Editorial: Spota right to drop Tankleff charges

January 4, 2008

Perhaps the toughest thing for a district attorney to do is to decide not to prosecute - especially in a case as highly visible as Martin Tankleff's. But Suffolk District Attorney Thomas Spota, faced with mission impossible in trying him again, chose reluctantly but correctly not to go ahead.

In 1990, long before Spota became the district attorney, a jury found Tankleff guilty of killing his parents, Seymour and Arlene, in 1988. It relied heavily on Tankleff's unsigned and quickly repudiated confession and rejected the defense theory that the person responsible for the gory killings was Jerry Steuerman, a business associate of Seymour Tankleff's.
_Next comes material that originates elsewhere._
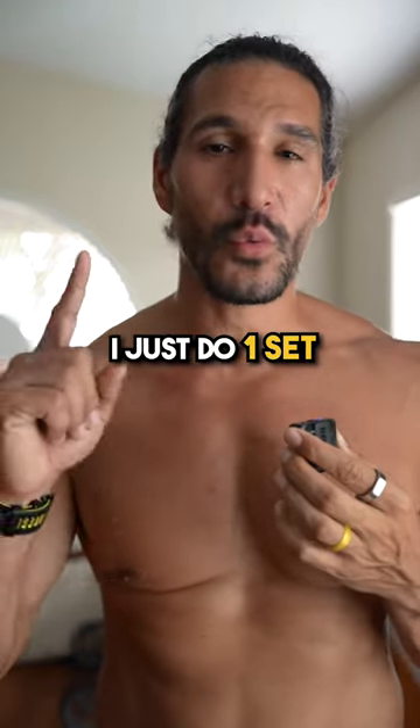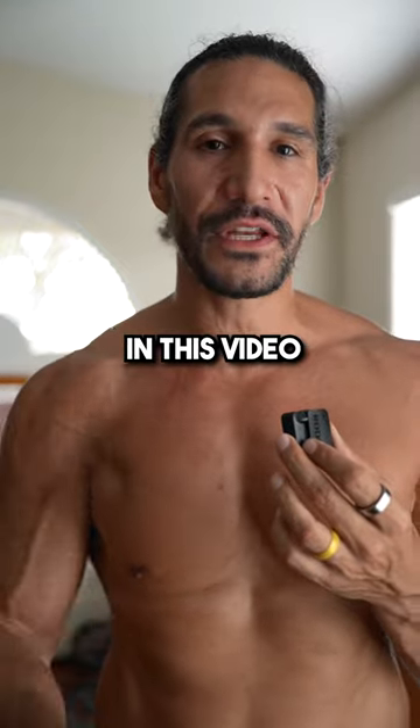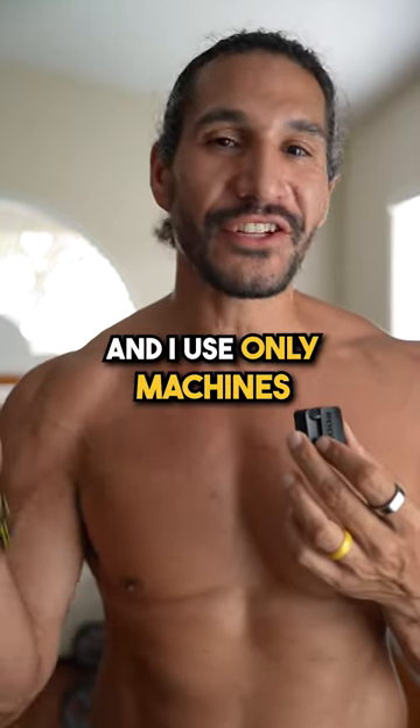I only lift in the gym for 25 minutes. I just do one set to absolute failure. I use only machines.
After a hearing on new evidence that Tankleff's defense had gathered since 2001, Suffolk County Court Judge Stephen Braslow rejected testimony implicating others, including Joseph Creedon, who had collected drug debts for Steuerman's son, Todd. On Dec. 18, the Appellate Division of the State Supreme Court criticized Braslow's decision, threw out the conviction, and ordered a new trial.

Spota could have tried to appeal the unanimous Appellate Division decision to the Court of Appeals in Albany. Those who remain sure that Tankleff indeed murdered his parents would argue that Spota should have done just that. But Spota determined his prospects of getting the appeal heard, and of succeeding, ranged from remote to nonexistent.

As to a new trial, Spota concluded for a variety of reasons - as simple as the passage of time and the fading of memory, and as complex as a change in case law since the original trial - that he could not possibly get a conviction.

So, once a judge grants Spota's motion to drop the indictment, Tankleff is totally free. Spota said he'll ask Gov. Eliot Spitzer to name a special prosecutor to look at the evidence about those named in the hearings. But that's not the only piece of unfinished business in this case.

The State Commission of Investigation is looking into Spota's handling of the new-evidence hearings. The same agency in 1989 criticized Suffolk police for coerced confessions. It's long past time for all police interrogations to be videotaped, as Tankleff's attorneys urged yesterday.

In short, this case is almost over for Tankleff himself, but its echoes will reverberate for years to come.